**What to work on:** Your response should reproduce every line of the entries that contains the word "with".

**Exercise input:**
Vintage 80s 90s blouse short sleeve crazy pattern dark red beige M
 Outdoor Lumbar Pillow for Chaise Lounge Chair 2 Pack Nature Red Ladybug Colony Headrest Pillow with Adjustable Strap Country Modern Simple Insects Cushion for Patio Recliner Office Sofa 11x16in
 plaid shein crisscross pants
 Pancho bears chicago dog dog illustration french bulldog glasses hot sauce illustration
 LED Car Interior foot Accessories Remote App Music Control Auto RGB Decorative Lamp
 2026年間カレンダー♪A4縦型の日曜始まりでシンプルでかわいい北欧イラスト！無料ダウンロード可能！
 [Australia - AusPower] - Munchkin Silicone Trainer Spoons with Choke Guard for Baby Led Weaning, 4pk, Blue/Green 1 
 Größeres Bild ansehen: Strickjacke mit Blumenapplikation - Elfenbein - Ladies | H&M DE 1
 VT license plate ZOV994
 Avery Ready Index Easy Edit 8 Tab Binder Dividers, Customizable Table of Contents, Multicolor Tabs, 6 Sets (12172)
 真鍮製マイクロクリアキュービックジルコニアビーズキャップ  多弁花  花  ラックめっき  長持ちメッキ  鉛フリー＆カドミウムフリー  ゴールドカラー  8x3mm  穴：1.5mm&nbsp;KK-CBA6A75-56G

**Output below:**
 Outdoor Lumbar Pillow for Chaise Lounge Chair 2 Pack Nature Red Ladybug Colony Headrest Pillow with Adjustable Strap Country Modern Simple Insects Cushion for Patio Recliner Office Sofa 11x16in
 [Australia - AusPower] - Munchkin Silicone Trainer Spoons with Choke Guard for Baby Led Weaning, 4pk, Blue/Green 1 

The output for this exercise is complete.